We have to be realistic about what pensions are. They are mechanisms for transferring property rights: between generations and from the owners of capital to the suppliers of labour. This blunt reality is rarely stated; that does not alter the truth inherent in the statement.

Recognising that truth allows us to propose another tax, one based on the pioneering work of Rudolf Meidner in the 1950s and 60s in Sweden. This would require that all companies employing more than a small number of staff each year to pay a tax settled in the form of an issue of their shares. The rate would need to be determined, but it would be a significant percentage: BT will be making pension contributions equivalent to 20% of its market capitalisation over the next 4 years. A tax rate of 5% of capital might therefore be required.

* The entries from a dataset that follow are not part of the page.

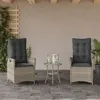 Image de vidaXL Chaises inclinables jardin lot de 2 et coussins résine tressée 365270
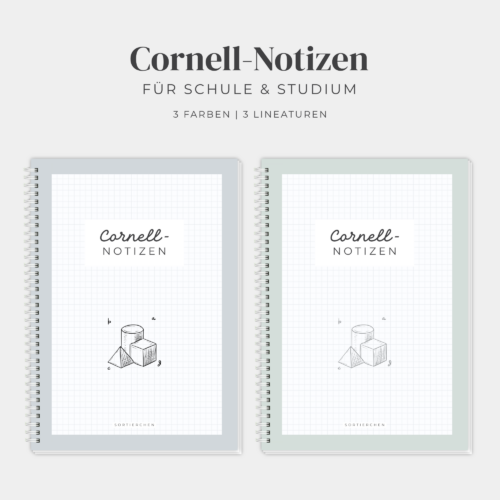 Cornell Notizblock A4 mit Spiralbindung | 50 oder 100 Seiten | kariert, dotted oder blanko | Cornell Notes für Schule & Studium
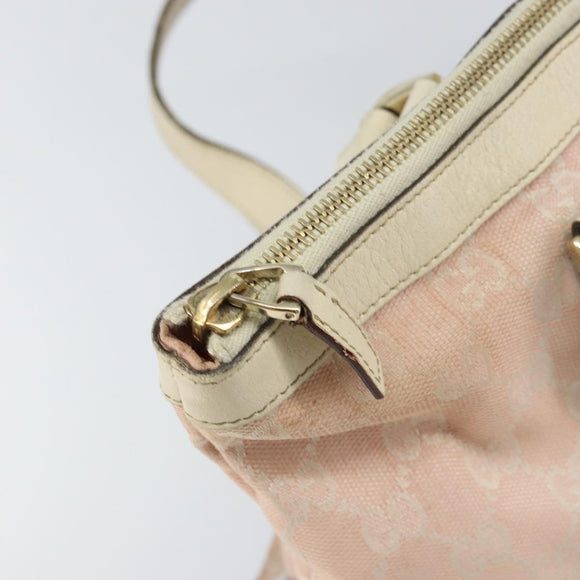 GUCCI GG Canvas Abbey Tote Bag Pink Gold 141470 Auth 160613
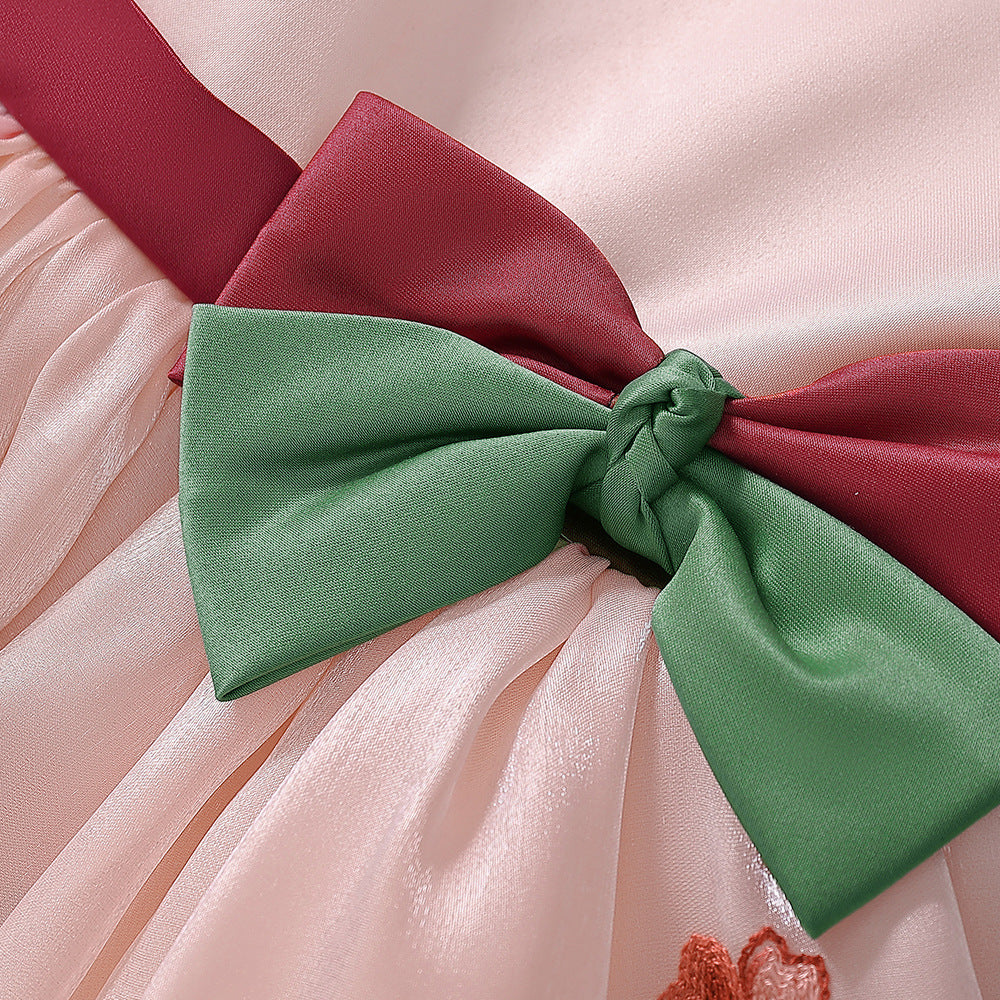 Cute Satin Tulle Embroidered Flower Girl Baby Dress - Tea Length Party Gown 9-24M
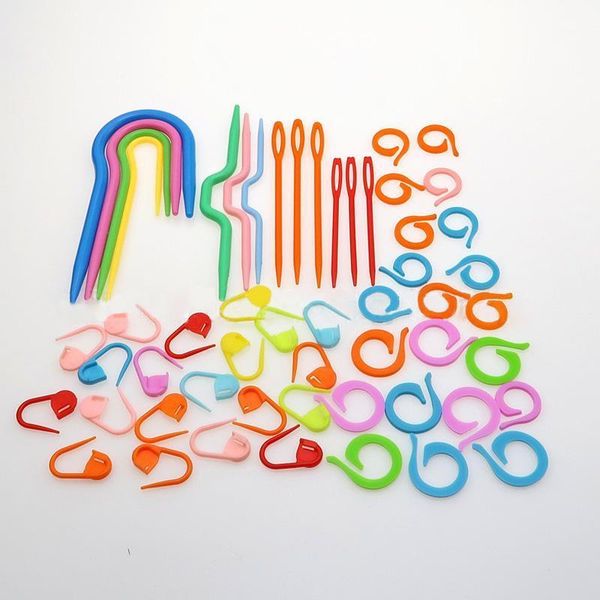 

1set crochet hook knitting needles plastic knit stitch needle clip sewing tool set craft notions & tools1, Black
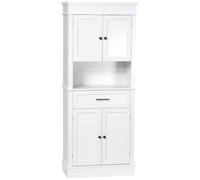 HOMCOM Armoire de Cuisine Buffet Cuisine 74 x 39,5 x 183 cm Blanc | Vaisselier, Meuble de Rangement, Placards, Étagères Réglables, Tiroir, Niche, pour Salle à Manger, Salon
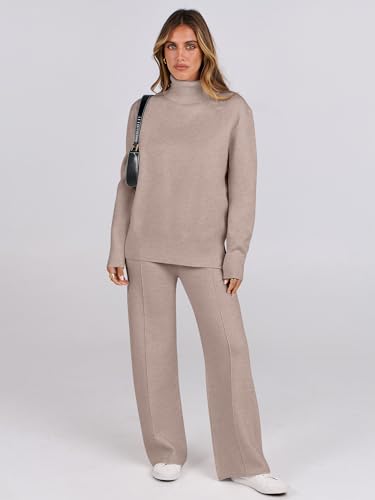 ANRABESS Womens 2 Piece Outfits Turtleneck Matching Lounge Set Sweater Top Wide Leg Pants Fall Cozy Knit Sweatsuit Loungewear2
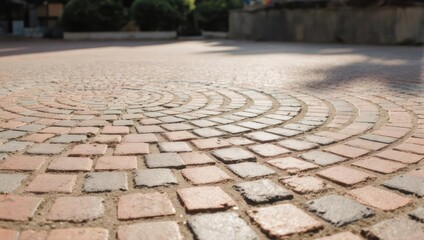 Low angle view of a rustic cobblestone patio with a circular pattern.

The shares in question would be issued to a national pension fund. That fund would have obligation to manage those investments to make a return to pay pensions for all people in the UK, not just the employees of the companies that are taxed.

The benefits of the tax are obvious: it does not reduce the cash capacity of the companies that make it to invest in the future as do current pension contributions; it cuts out the current ‘middle man’ in the form of the City that currently extracts an undue percentage from all pension contributions made, and it is applied across the board.

Of course there are problems that would need to be tackled, such as the enforcement of the obligation on the subsidiaries of foreign companies trading in the UK. Cash alternatives might be required if they cannot or do not make equity contributions. These would have to be enforceable. But these are technical issues. The fact is the tax is needed to ensure that sufficient wealth is transferred into funds maintained for the benefit of the retired population of the UK. Nothing else can provide those funds that are needed to prevent mass poverty amongst the old whilst maintaining the active investment required in productive capital needed to generate the real wealth on which they will depend.